Top of Supplied data
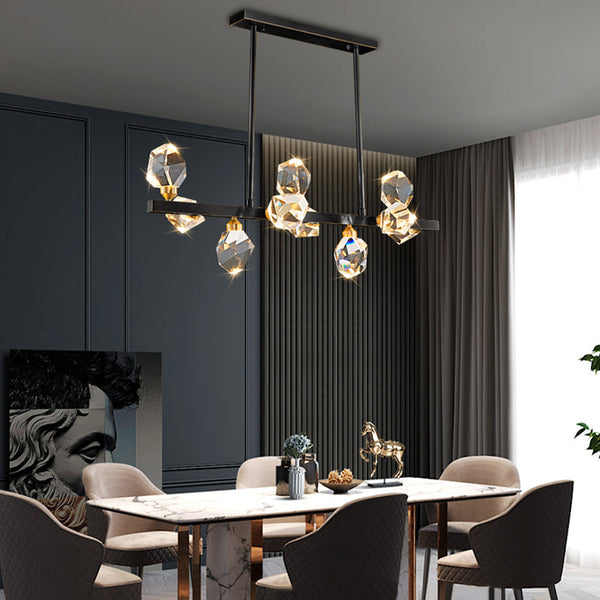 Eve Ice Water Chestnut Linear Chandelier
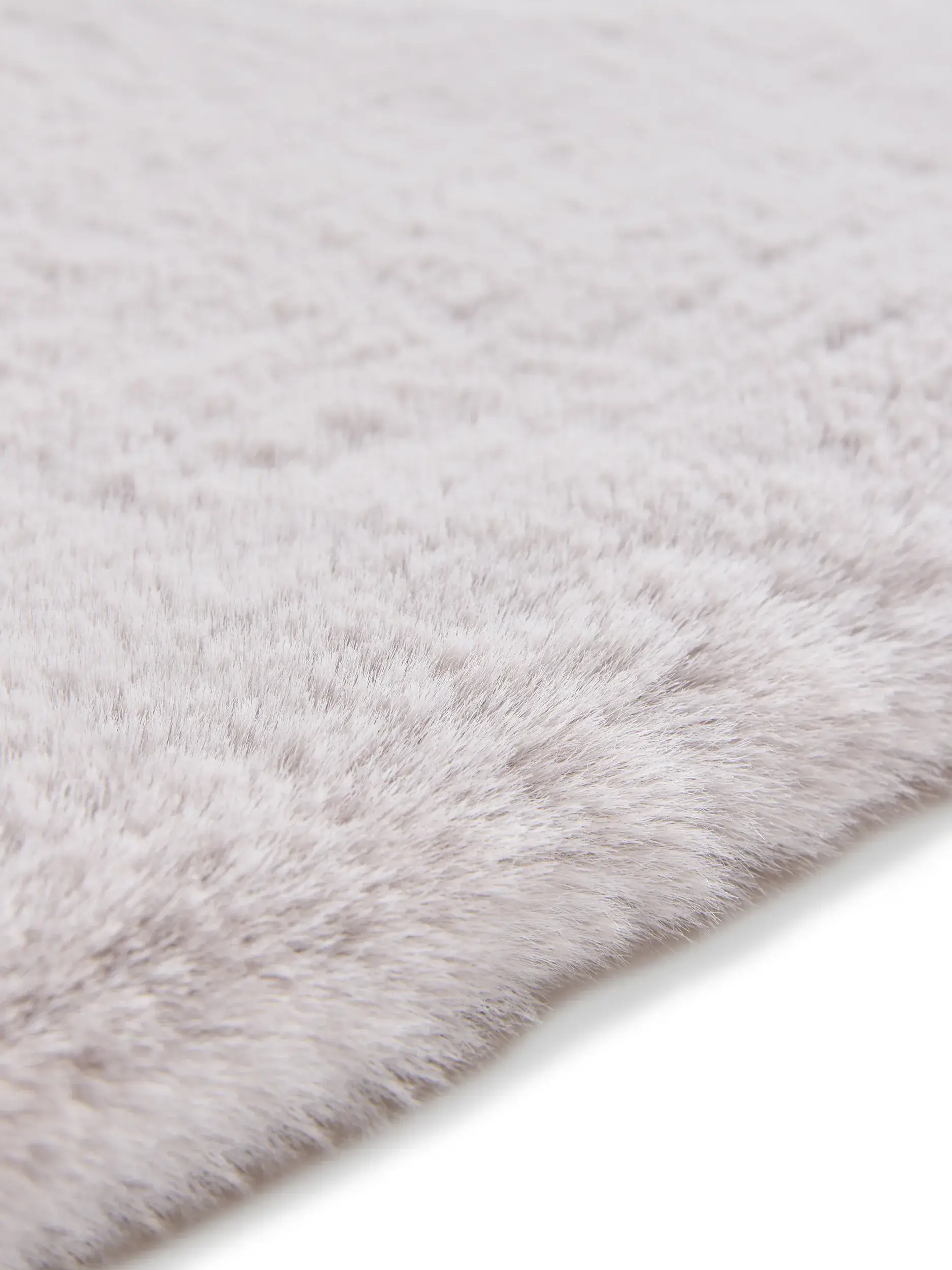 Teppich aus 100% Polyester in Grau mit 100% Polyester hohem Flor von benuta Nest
Bottom of Supplied data
Top of Supplied data
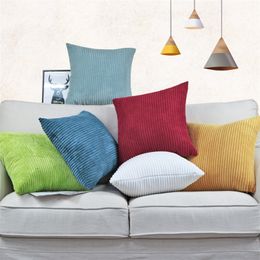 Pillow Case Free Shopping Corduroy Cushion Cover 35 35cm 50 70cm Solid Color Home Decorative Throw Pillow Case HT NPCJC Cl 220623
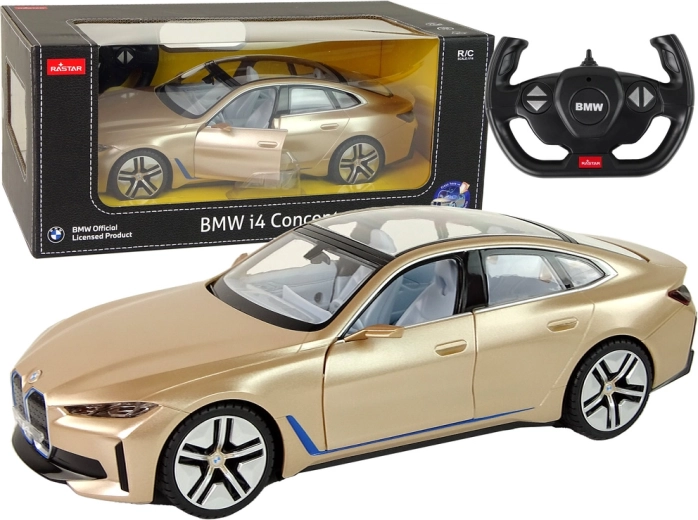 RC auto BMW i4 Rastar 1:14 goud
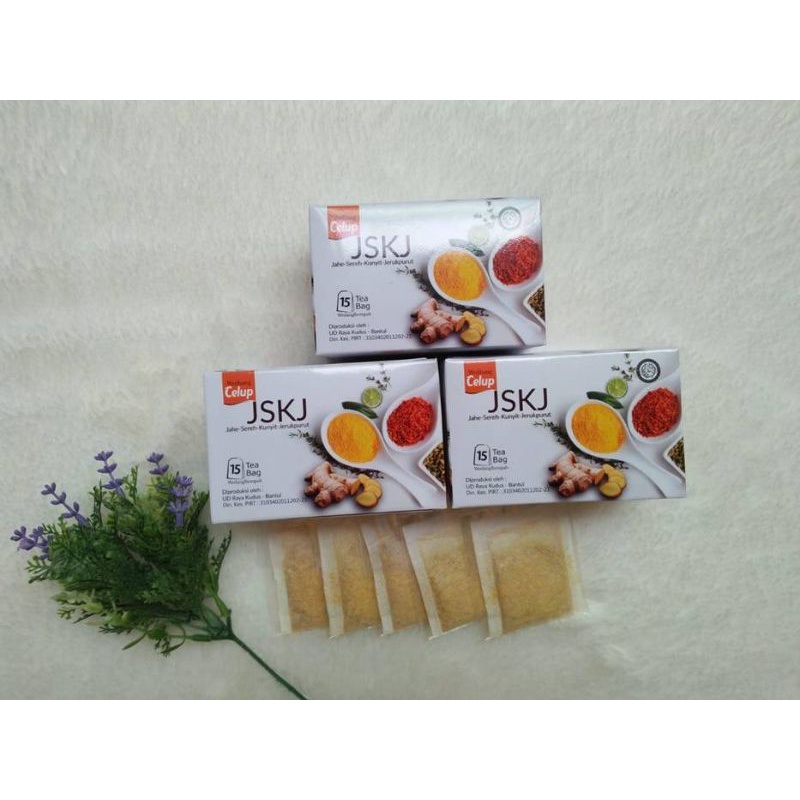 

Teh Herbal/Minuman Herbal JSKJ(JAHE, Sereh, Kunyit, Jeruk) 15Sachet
Bottom of Supplied data
Top of Supplied data
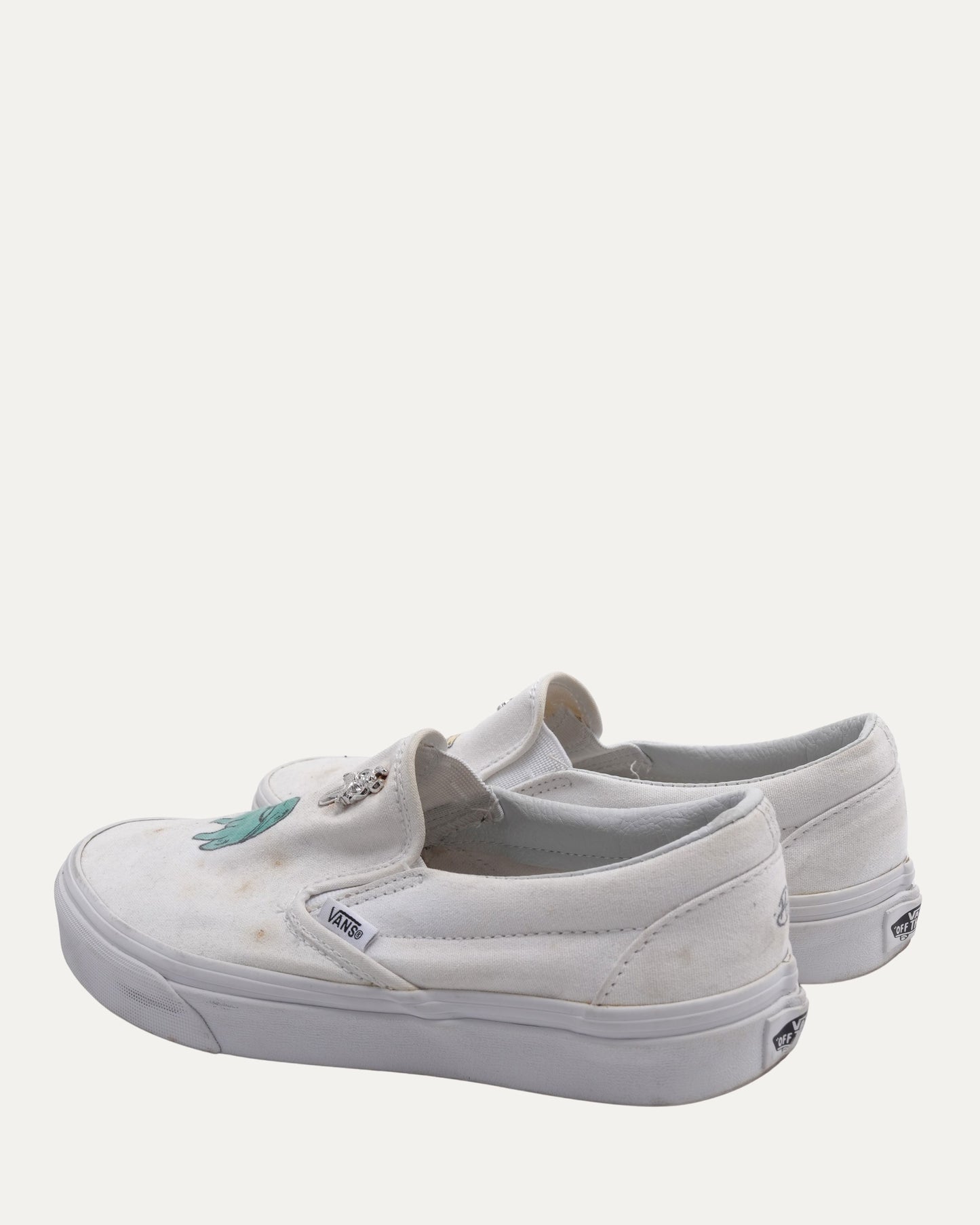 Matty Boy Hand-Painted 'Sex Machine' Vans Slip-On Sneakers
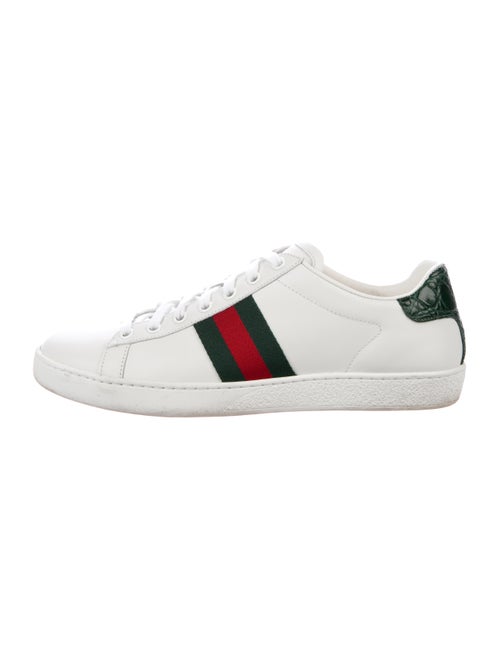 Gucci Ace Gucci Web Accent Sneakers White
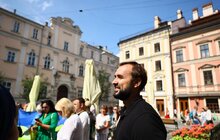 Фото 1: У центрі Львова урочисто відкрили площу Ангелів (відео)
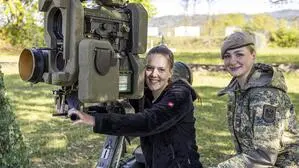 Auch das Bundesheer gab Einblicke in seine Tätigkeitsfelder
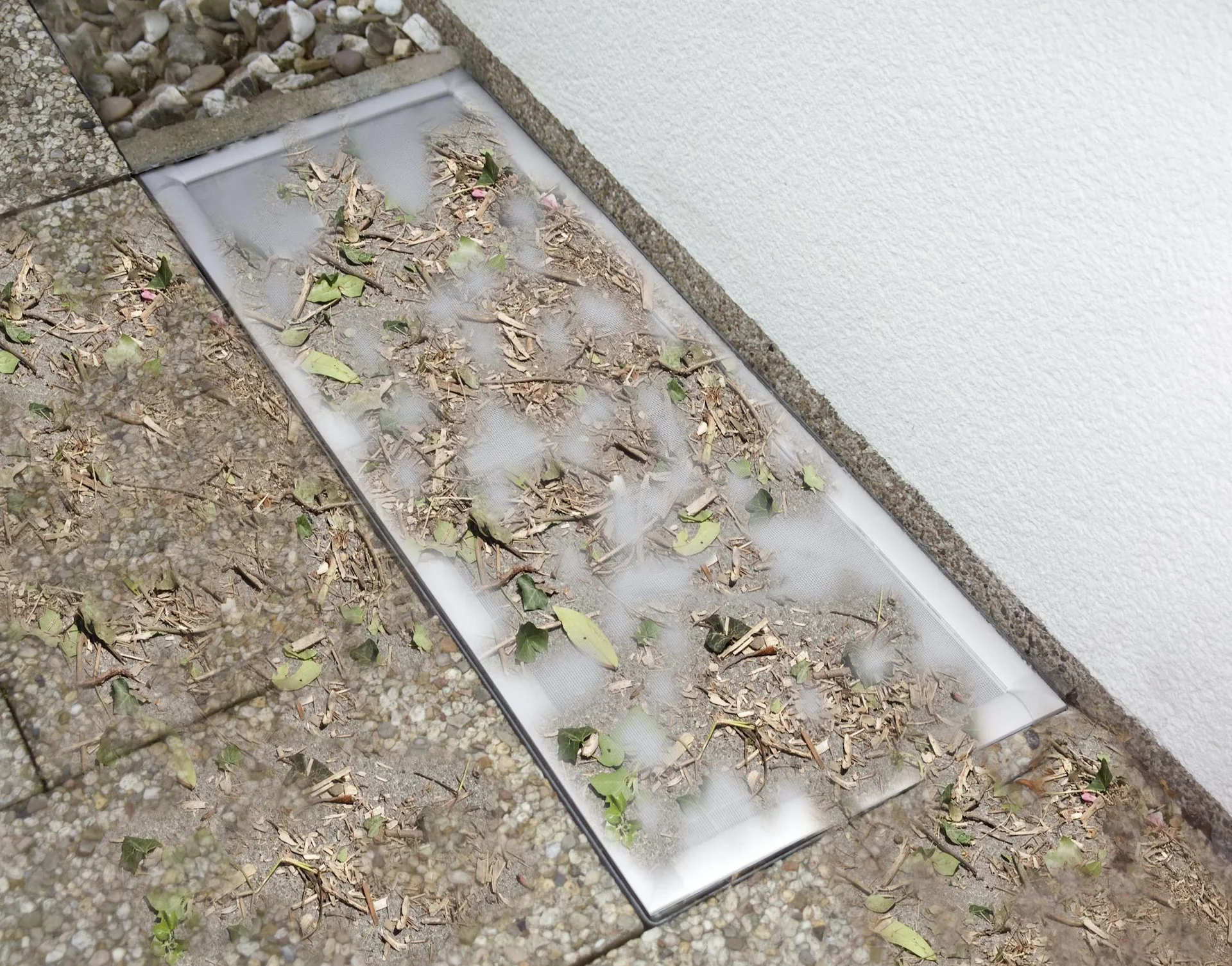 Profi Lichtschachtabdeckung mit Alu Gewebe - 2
Bottom of Supplied data
● **Exercise prompt**
In the data above, take the line with "Matty Boy Hand-Painted", the line with "Profi Lichtschachtabdeckung mit", and every line between, and set them down exactly without pictures.

● **Solution for this task**
 Matty Boy Hand-Painted 'Sex Machine' Vans Slip-On Sneakers
 Gucci Ace Gucci Web Accent Sneakers White
 Фото 1: У центрі Львова урочисто відкрили площу Ангелів (відео)
 Auch das Bundesheer gab Einblicke in seine Tätigkeitsfelder
 Profi Lichtschachtabdeckung mit Alu Gewebe - 2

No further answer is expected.